🤖 AI Summary
This work addresses the limitation of existing image editing models and evaluation benchmarks, which predominantly rely on textual instructions and struggle to support visual directives—such as sketches—that are integral to human multimodal interaction. To bridge this gap, we introduce VIBE, the first systematic benchmark for vision-instructed image editing, which defines a three-tiered hierarchy of task complexity ranging from referential localization and shape manipulation to causal reasoning. We further develop a fine-grained automatic evaluation framework based on multimodal large language models (LMMs) and use it to assess 17 open- and closed-source models across diverse visual instructions. Our evaluation reveals that closed-source models exhibit初步 stronger instruction-following capabilities, yet all models suffer significant performance degradation on higher-order tasks, highlighting critical limitations and pointing toward promising directions for future research.
📝 Abstract
Recent generative models have achieved remarkable progress in image editing. However, existing systems and benchmarks remain largely text-guided. In contrast, human communication is inherently multimodal, where visual instructions such as sketches efficiently convey spatial and structural intent.

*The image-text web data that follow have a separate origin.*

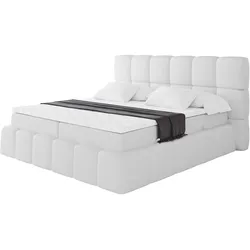 BOXBETT - AURI-H4 - 120x200 Weiß Kunstleder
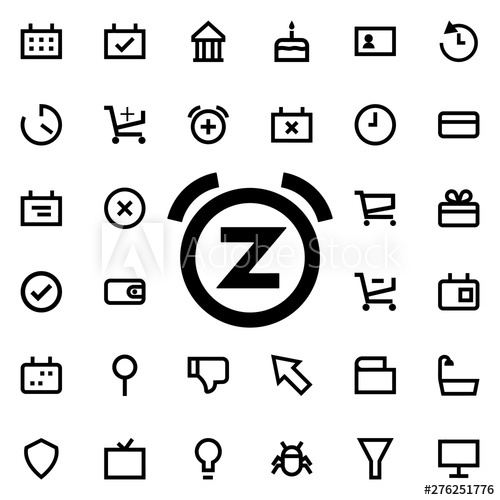 500x500 Bell Snooze Icon Universal Set Of Web For Website Design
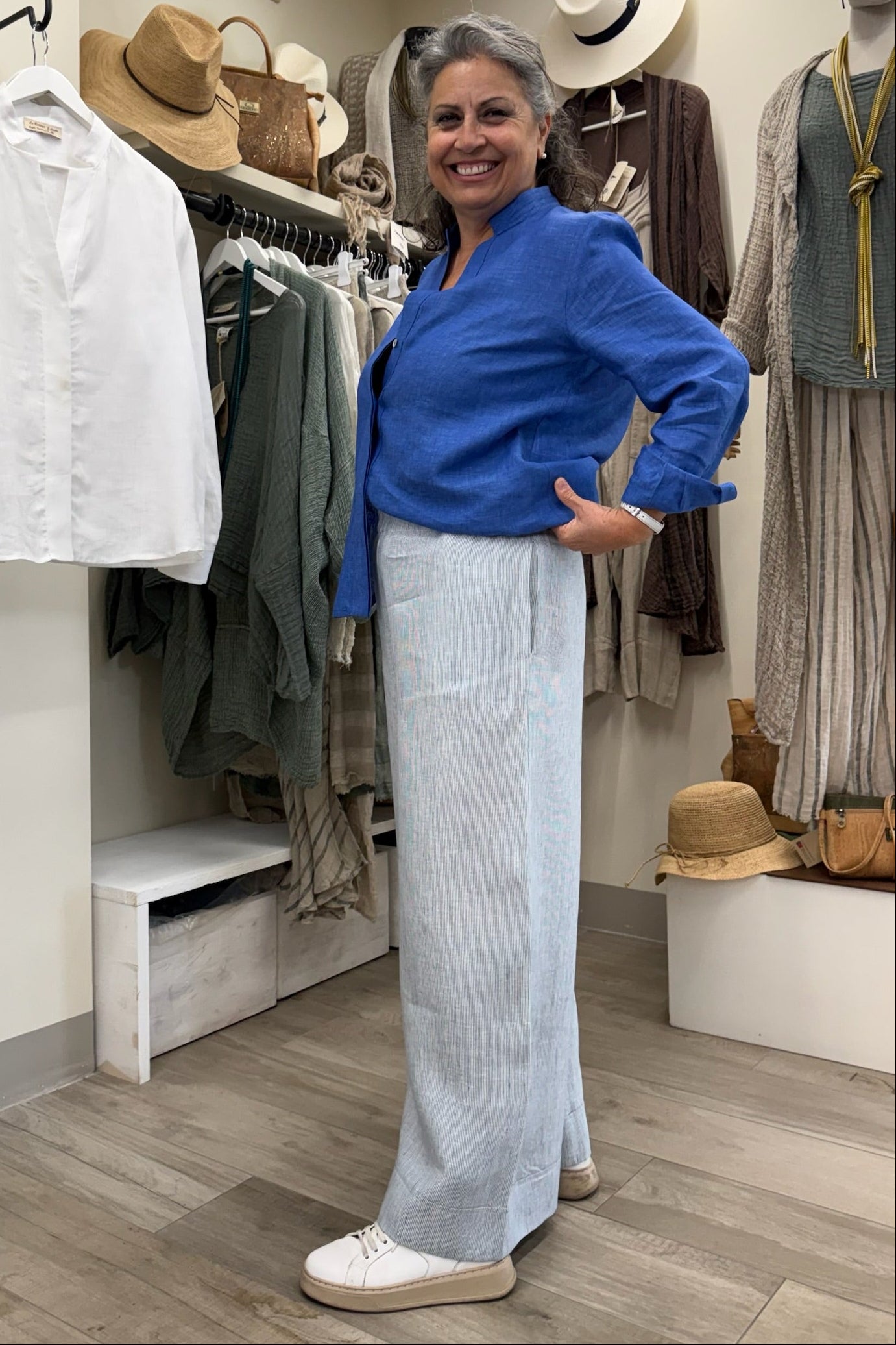 Pantalone Annamaria 100% lino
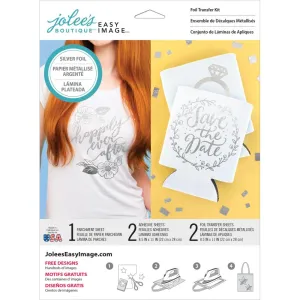 Jolees Boutique Easy Image Foil Transfer Kit - Silver*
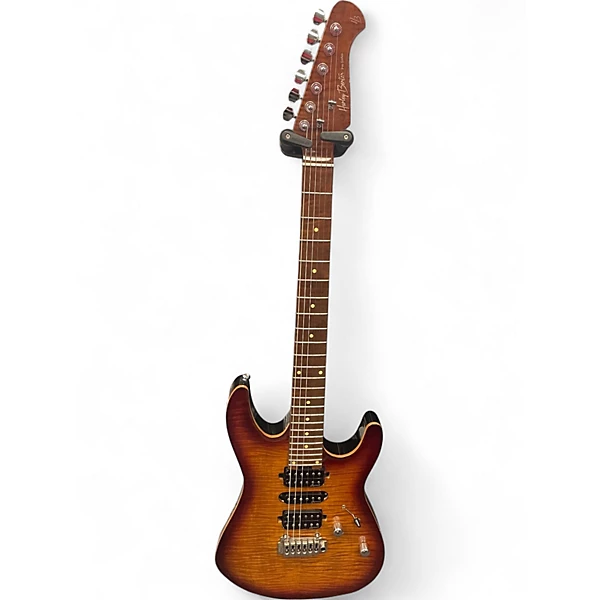 Used Harley Benton Pro Series Fusion III Sunburst Solid Body Electric Guitar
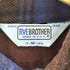 ファイブブラザー FIVE BROTHER 70-80s USA製 三角タグ L/Sフランネルシャツ メンズ import:M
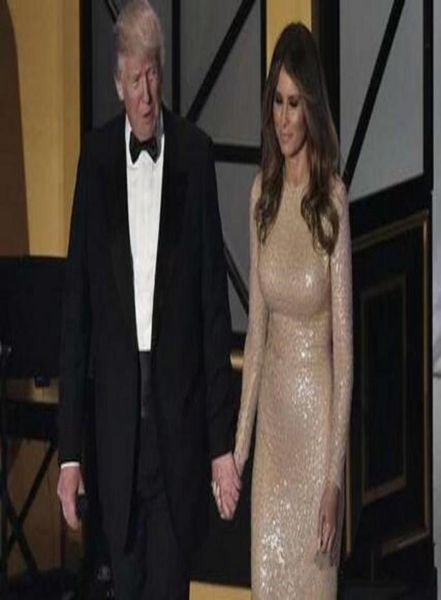 2020 new melania trump sequined champagne celebrity gowns mermaid crew neckline with illusion long sleeves floor length evening dr8732495, Black;red
2020 new melania trump sequined champagne celebrity gowns mermaid crew neckline with illusion long sleeves floor length evening dr8732495, Black;red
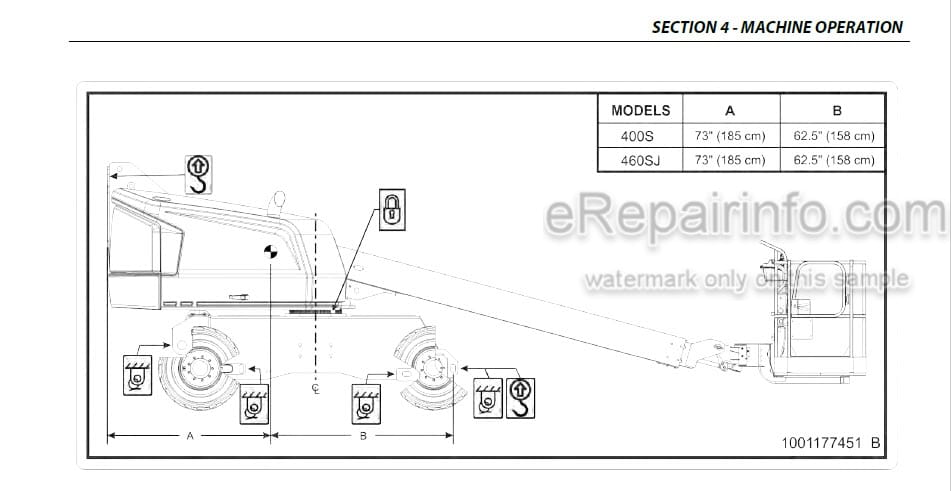 Photo 5 - JLG 400S 460SJ PVC2007 Operation And Safety Manual Boom Lift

To address this gap, we introduce VIBE, the Visual Instruction Benchmark for Image Editing with a three-level interaction hierarchy that captures deictic grounding, morphological manipulation, and causal reasoning. Across these levels, we curate high-quality and diverse test cases that reflect progressively increasing complexity in visual instruction following. We further propose a robust LMM-as-a-judge evaluation framework with task-specific metrics to enable scalable and fine-grained assessment. Through a comprehensive evaluation of 17 representative open-source and proprietary image editing models, we find that proprietary models exhibit early-stage visual instruction-following capabilities and consistently outperform open-source models. However, performance degrades markedly with increasing task difficulty even for the strongest systems, highlighting promising directions for future research.